## Task directions
What you return must match, exactly, the lines running from the one containing "Bielefelder Fotomotive heute" to the end of the data, both included, and must contain no pictures.
►
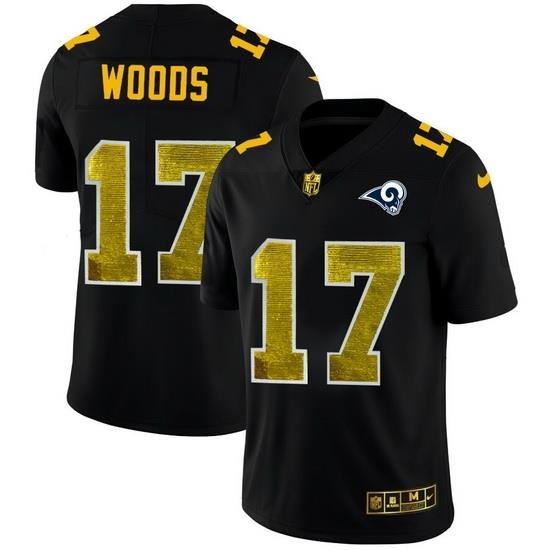 Los Angeles Rams 17 Robert Woods Men Black Nike Golden Sequin Vapor Limited NFL Jersey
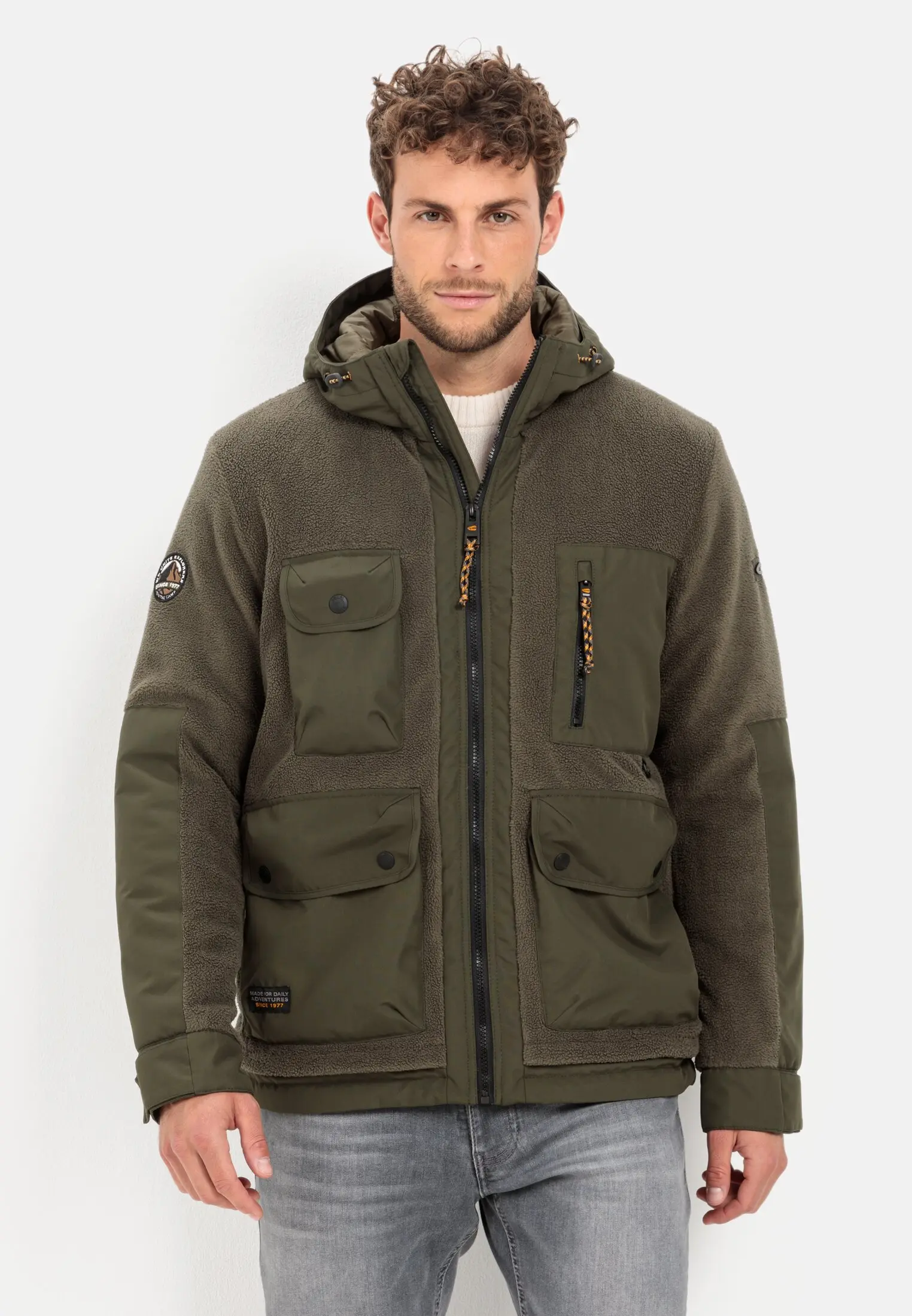 Gefütterte Fleecejacke für Herren in Dunkel khaki | 50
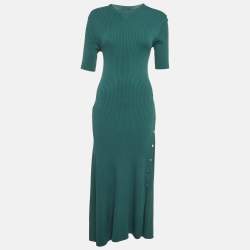 Pre Owned Maje Teal Blue Rib Knit Roxia Maxi Dress S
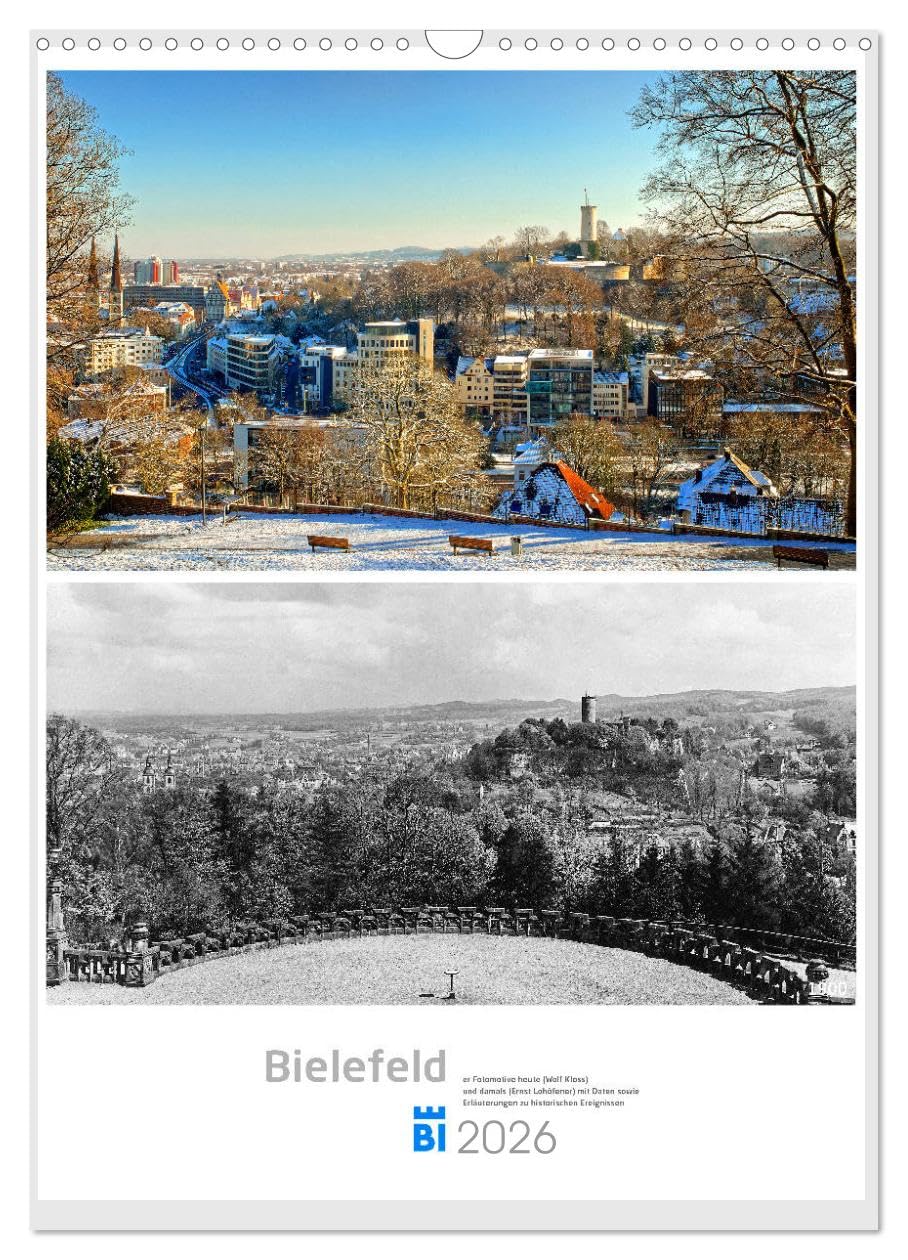 Bielefelder Fotomotive heute und damals mit historischen Ereignissen (Wandkalender 2026 DIN A3 hoch), CALVENDO Monatskalender: Vergangenheit und Gegenwart Bielefelds (CALVENDO Orte) Books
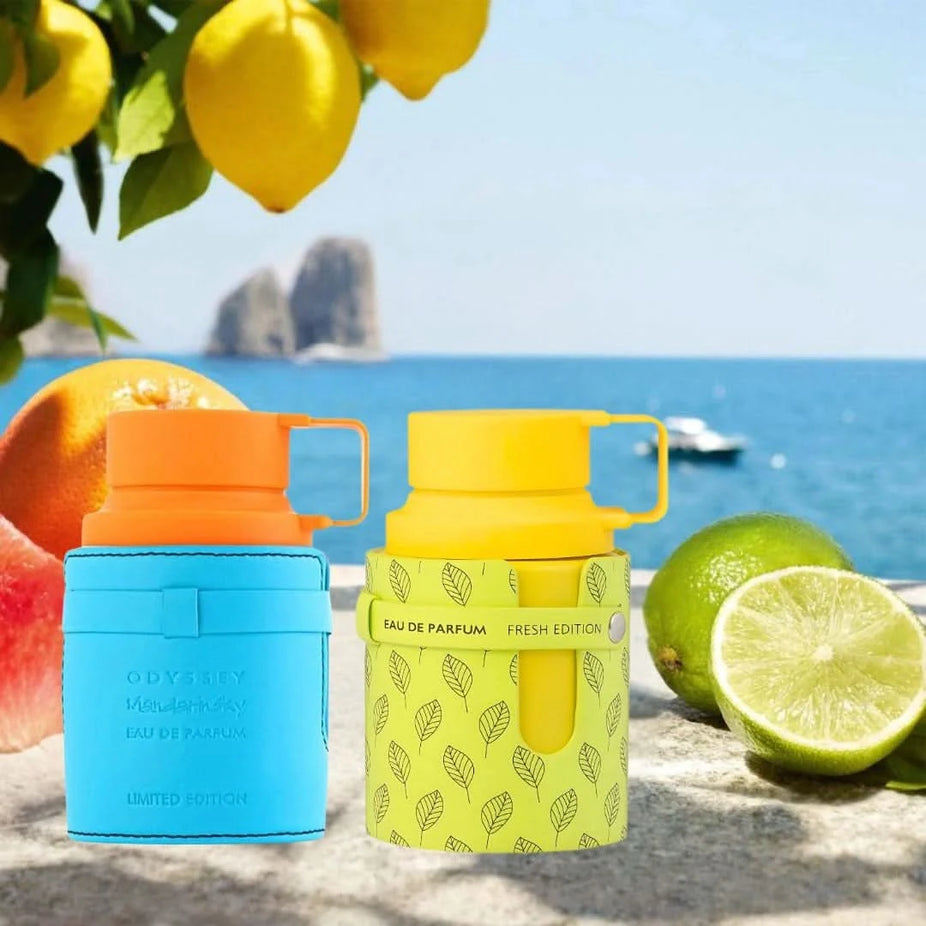 Odyssey Mandarin Sky and Limoni Eau de Parfum sprays by Armaf, 100ml bundle, featuring sleek bottles with vibrant labels.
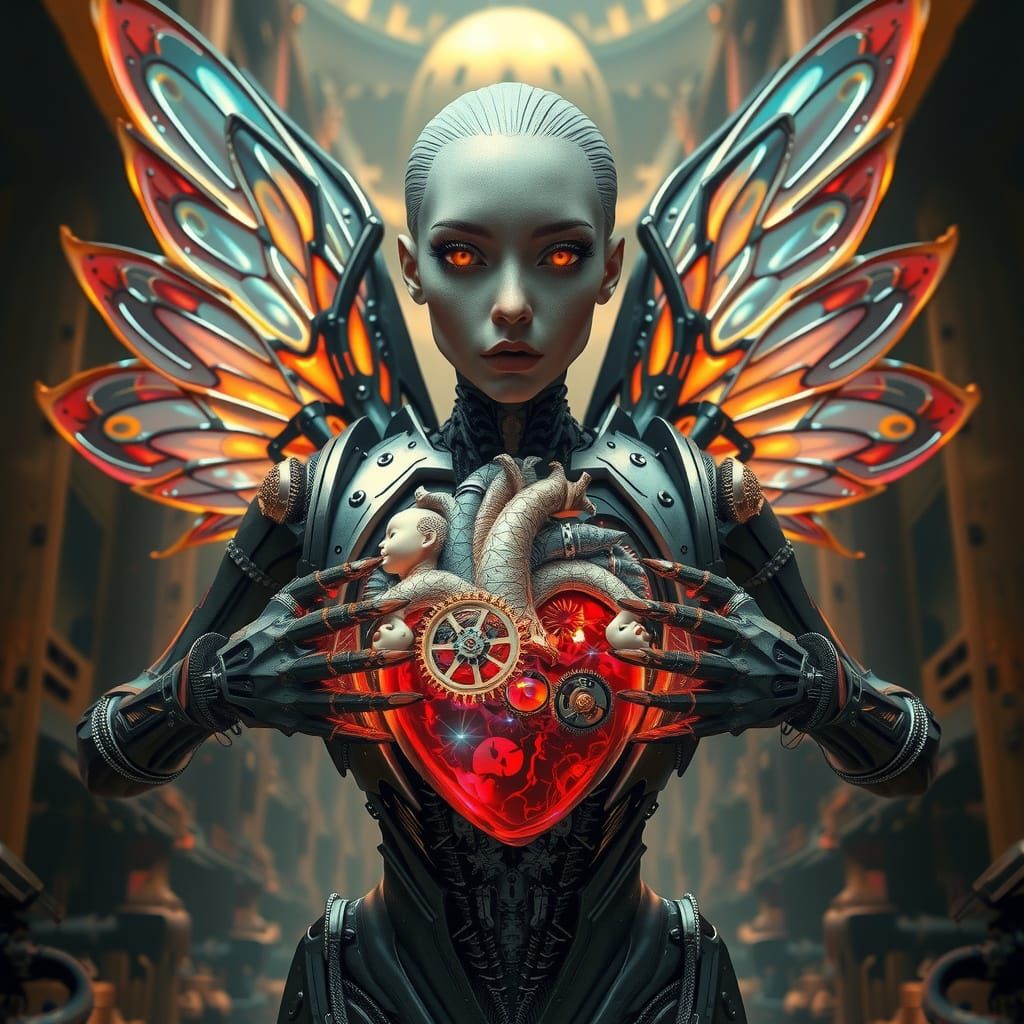 Menacing Cyborg Fairy Reveals Mechanical Heart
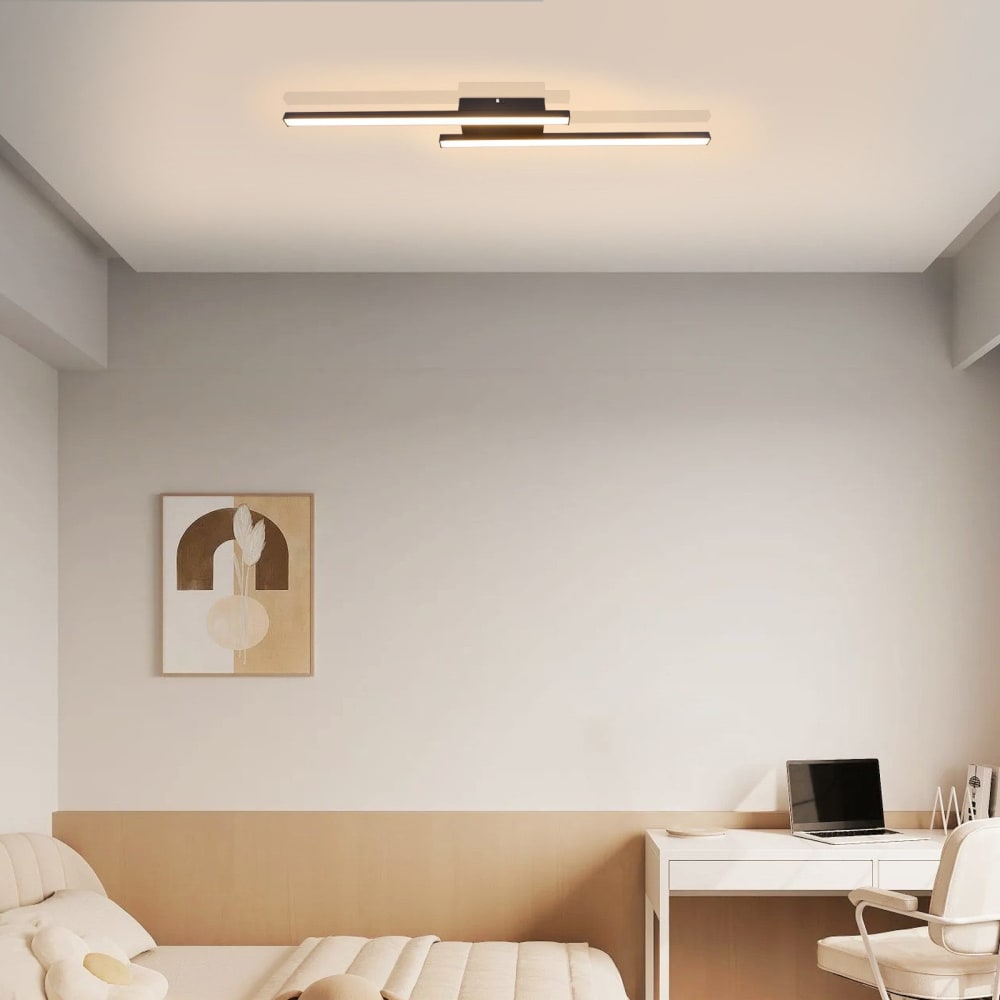 Plafonnier en fer aluminium noir 61.5x7x4.8cm led 3000k 12w — vue 4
◄
## Exercise output
 Bielefelder Fotomotive heute und damals mit historischen Ereignissen (Wandkalender 2026 DIN A3 hoch), CALVENDO Monatskalender: Vergangenheit und Gegenwart Bielefelds (CALVENDO Orte) Books
 Odyssey Mandarin Sky and Limoni Eau de Parfum sprays by Armaf, 100ml bundle, featuring sleek bottles with vibrant labels.
 Menacing Cyborg Fairy Reveals Mechanical Heart
 Plafonnier en fer aluminium noir 61.5x7x4.8cm led 3000k 12w — vue 4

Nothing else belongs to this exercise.